Given data Start Marker

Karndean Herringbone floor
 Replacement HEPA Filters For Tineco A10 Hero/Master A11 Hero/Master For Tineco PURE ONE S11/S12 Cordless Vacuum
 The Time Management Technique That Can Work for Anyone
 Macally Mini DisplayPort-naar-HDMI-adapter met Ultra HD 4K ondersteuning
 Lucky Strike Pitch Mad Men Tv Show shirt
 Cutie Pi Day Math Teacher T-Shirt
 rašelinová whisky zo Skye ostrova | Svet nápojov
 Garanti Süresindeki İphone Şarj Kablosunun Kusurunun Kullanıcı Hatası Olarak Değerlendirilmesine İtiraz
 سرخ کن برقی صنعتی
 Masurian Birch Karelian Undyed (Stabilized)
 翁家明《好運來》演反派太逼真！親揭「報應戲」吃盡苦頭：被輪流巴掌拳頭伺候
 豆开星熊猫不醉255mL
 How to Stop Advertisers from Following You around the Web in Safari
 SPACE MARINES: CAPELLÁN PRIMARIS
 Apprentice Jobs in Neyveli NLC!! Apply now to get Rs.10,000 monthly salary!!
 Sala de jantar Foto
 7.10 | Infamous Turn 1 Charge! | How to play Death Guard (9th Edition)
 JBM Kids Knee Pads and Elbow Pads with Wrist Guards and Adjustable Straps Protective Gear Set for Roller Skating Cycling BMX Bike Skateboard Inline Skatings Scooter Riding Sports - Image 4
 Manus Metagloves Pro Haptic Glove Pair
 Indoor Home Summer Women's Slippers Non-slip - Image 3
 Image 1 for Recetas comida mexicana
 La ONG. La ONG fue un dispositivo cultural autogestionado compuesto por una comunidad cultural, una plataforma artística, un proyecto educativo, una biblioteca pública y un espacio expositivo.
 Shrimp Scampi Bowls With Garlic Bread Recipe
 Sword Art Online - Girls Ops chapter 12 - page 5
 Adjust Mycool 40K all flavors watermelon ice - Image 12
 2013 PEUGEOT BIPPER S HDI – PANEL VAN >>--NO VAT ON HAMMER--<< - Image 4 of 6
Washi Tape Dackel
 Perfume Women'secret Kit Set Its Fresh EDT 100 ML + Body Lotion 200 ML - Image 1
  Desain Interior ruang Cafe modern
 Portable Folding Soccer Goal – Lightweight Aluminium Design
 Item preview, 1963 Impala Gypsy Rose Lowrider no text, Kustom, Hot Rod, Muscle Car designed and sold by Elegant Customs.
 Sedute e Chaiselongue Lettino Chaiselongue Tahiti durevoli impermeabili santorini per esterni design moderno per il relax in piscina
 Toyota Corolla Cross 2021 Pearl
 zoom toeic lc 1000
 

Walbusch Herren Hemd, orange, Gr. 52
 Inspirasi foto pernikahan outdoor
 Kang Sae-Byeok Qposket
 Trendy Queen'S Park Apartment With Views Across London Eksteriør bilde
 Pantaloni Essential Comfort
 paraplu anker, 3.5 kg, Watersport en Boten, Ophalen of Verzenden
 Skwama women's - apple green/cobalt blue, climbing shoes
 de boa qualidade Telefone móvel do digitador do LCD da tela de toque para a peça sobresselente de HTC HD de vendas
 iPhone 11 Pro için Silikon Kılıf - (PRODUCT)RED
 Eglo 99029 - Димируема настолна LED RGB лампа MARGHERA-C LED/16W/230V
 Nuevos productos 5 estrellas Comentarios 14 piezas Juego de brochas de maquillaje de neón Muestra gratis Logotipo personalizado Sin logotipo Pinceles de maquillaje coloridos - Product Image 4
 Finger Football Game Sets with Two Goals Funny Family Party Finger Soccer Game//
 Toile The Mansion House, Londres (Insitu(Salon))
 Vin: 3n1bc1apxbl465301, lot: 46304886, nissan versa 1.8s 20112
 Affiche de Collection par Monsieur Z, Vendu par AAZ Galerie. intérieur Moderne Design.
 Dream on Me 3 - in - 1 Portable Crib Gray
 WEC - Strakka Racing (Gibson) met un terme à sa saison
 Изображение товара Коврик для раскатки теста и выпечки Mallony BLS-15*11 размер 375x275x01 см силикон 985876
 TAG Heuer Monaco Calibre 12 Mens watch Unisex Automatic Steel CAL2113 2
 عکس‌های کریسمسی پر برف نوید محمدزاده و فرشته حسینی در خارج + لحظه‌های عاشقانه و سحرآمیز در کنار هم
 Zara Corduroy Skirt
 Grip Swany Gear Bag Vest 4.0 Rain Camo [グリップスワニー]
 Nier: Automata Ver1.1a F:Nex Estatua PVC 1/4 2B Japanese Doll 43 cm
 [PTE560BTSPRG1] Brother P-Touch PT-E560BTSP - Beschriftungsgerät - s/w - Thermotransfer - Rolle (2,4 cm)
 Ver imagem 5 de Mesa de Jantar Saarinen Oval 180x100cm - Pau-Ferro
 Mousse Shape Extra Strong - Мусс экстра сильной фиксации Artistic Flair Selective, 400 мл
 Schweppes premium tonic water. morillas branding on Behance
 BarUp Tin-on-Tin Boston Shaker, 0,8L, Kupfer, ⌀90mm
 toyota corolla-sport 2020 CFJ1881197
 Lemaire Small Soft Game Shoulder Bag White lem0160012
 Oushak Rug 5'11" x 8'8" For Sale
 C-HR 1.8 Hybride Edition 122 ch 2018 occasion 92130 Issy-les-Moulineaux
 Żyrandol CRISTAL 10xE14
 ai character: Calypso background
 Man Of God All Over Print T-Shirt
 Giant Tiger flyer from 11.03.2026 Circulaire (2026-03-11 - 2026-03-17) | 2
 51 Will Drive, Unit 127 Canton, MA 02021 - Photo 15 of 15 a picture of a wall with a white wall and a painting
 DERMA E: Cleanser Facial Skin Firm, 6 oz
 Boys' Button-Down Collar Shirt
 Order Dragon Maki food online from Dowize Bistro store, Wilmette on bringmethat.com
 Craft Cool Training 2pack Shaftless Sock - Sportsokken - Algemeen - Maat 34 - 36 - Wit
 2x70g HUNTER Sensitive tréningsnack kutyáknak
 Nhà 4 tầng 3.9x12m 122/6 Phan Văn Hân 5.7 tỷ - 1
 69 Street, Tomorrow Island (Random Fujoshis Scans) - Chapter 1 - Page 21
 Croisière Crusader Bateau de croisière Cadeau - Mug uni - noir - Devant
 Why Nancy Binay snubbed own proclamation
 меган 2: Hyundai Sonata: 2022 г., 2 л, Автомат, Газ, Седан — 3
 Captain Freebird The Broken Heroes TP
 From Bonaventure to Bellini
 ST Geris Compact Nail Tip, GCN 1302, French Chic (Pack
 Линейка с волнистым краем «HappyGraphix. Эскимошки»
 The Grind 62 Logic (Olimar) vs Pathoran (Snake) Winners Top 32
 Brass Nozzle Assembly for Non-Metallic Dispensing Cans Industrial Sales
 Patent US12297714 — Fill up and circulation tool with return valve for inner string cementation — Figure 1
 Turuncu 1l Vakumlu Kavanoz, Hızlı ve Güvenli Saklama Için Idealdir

Given data End Marker

* _Prompt_
Please provide an exact transcription of each line from the one holding "Why Nancy Binay snubbed own proclamation" through the final line of the data above.

* _Solved problem_
 Why Nancy Binay snubbed own proclamation
 меган 2: Hyundai Sonata: 2022 г., 2 л, Автомат, Газ, Седан — 3
 Captain Freebird The Broken Heroes TP
 From Bonaventure to Bellini
 ST Geris Compact Nail Tip, GCN 1302, French Chic (Pack
 Линейка с волнистым краем «HappyGraphix. Эскимошки»
 The Grind 62 Logic (Olimar) vs Pathoran (Snake) Winners Top 32
 Brass Nozzle Assembly for Non-Metallic Dispensing Cans Industrial Sales
 Patent US12297714 — Fill up and circulation tool with return valve for inner string cementation — Figure 1
 Turuncu 1l Vakumlu Kavanoz, Hızlı ve Güvenli Saklama Için Idealdir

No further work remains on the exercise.